The sales pitch for TURF depends on showing only the "best" solution for 3 through 6. Once we look down the list, we find that there are lots of equally good combinations with different products (e.g., the combination in the 7th position yields 99.1% reach with products 4, 7 and 10). With a sample size of 180, I do not need to run a bootstrap to know that the drop from 99.9% to 99.1% reflects random variation or error.

Of course, the data from turfR is simulated, but I have worked with many clients and many different datasets across a range of categories and I have never found anything but random differences among the top solutions. I have seen solutions where the top several hundred combinations cannot be distinguished based on reach, which is reasonable given that the number of combinations increases rapidly with n and k (e.g., the R function choose(30,5) indicates that there are 142,506 possible combinations of 30 things in sets of 5). You can find an example of what I see over and over again by visiting the TURF website for XLSTAT software.

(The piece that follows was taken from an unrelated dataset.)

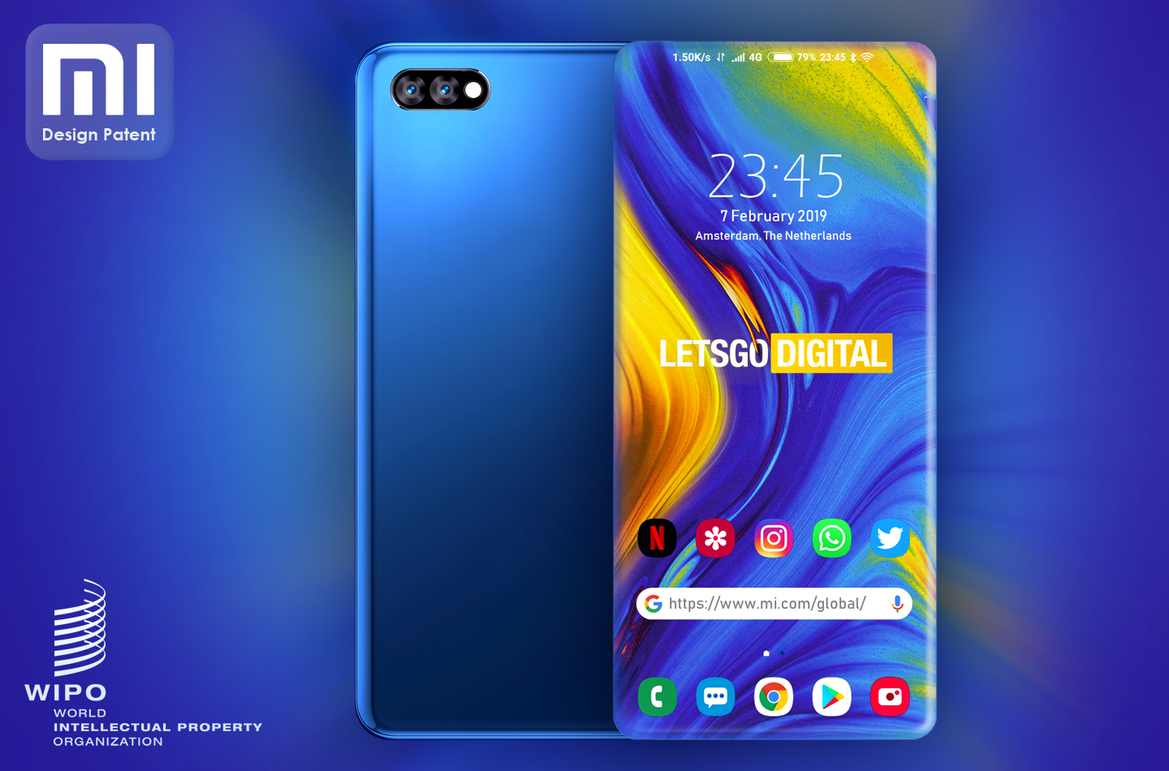 Xiaomi Patent Details Stunning Phone Design With 4-Sided Edge Display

Obviously, there is no single best item combination that dominates all others. It could have been otherwise. For example, it is possible that the market consists of distinct segments with each wanting one and only one item.

With no overlapping in this Venn diagram, it is clear that vanilla is the best single item, followed by vanilla and chocolate as the best pair, and so on had there been more flavors separated in this manner.

However, consumer segments are seldom defined by individual offerings in the market. You do not stop buying toothpaste because your brand has been discontinued. TURF asks the wrong question because consumer segmentation is not item-based.

As a quick example, we can think about credit card reward programs with its categories covering airlines, cash back, gas rebates, hotel, points, shopping and travel. Each category could contain multiple reward offers. A TURF analysis would seek the best individual rewards ignoring the categories. Yet, comparison websites use categories to organize searches because consumer segments are structured around the benefits offered by each category.

The TURF Analysis procedure from XLSTAT allows you to download an Excel file with purchase intention ratings for 27 items from 185 respondents. A TURF analysis would require that we set a cutoff score to transform the 1 through 5 ratings into a 0/1 binary measure. I prefer to maintain the 5-point scale and treat purchase intent as an intensity score after subtracting one so that the scale now ranges from 0=not at all to 4=quite sure. A nonnegative matrix factorization (NMF) reveals that the 27 items in the columns fall into 8 separable row categories marked by the red indicating a high probability of membership and yellow with values close to zero showing the categories where the product does not belong.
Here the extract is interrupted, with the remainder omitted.